We study the Approximate Nearest Neighbor (ANN) problem under a powerful adaptive adversary that controls both the dataset and a sequence of $Q$ queries. Primarily, for the high-dimensional regime of $d = ω(\sqrt{Q})$, we introduce a sequence of algorithms with progressively stronger guarantees. We first establish a novel connection between adaptive security and \textit{fairness}, leveraging fair ANN search to hide internal randomness from the adversary with information-theoretic guarantees. To achieve data-independent performance, we then reduce the search problem to a robust decision primitive, solved using a differentially private mechanism on a Locality-Sensitive Hashing (LSH) data structure. This approach, however, faces an inherent $\sqrt{n}$ query time barrier. To break the barrier, we propose a novel concentric-annuli LSH construction that synthesizes these fairness and differential privacy techniques. The analysis introduces a new method for robustly releasing timing information from the underlying algorithm instances and, as a corollary, also improves existing results for fair ANN. In addition, for the low-dimensional regime $d = O(\sqrt{Q})$, we propose specialized algorithms that provide a strong ``for-all'' guarantee: correctness on \textit{every} possible query with high probability. We introduce novel metric covering constructions that simplify and improve prior approaches for ANN in Hamming and $\ell_p$ spaces.

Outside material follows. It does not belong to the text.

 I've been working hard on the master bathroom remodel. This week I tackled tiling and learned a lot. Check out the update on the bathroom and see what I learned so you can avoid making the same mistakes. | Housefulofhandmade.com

翻译：本文研究一种由强大自适应对手控制的近似最近邻（ANN）问题，该对手同时控制数据集和一系列 $Q$ 个查询。针对高维情形 $d = ω(\sqrt{Q})$，我们首先提出了一系列保证强度逐步提升的算法。我们首次建立了自适应安全性与\textit{公平性}之间的新联系，利用公平ANN搜索以信息论保证隐藏内部随机性使其免受对手攻击。为实现数据无关的性能，我们将搜索问题约简为鲁棒决策原语，并通过在局部敏感哈希（LSH）数据结构上应用差分隐私机制予以解决。然而该方法面临固有的 $\sqrt{n}$ 查询时间瓶颈。为突破此瓶颈，我们提出了一种新颖的同心环状LSH构造，融合了上述公平性与差分隐私技术。分析过程中引入了一种鲁棒释放底层算法实例时序信息的新方法，并作为推论改进了现有公平ANN的结果。此外，针对低维情形 $d = O(\sqrt{Q})$，我们提出了专用算法以提供强“全称”保证：以高概率保证对\textit{每个}可能查询的正确性。我们提出了新的度量覆盖构造，简化和改进了汉明空间与 $\ell_p$ 空间中ANN的现有方法。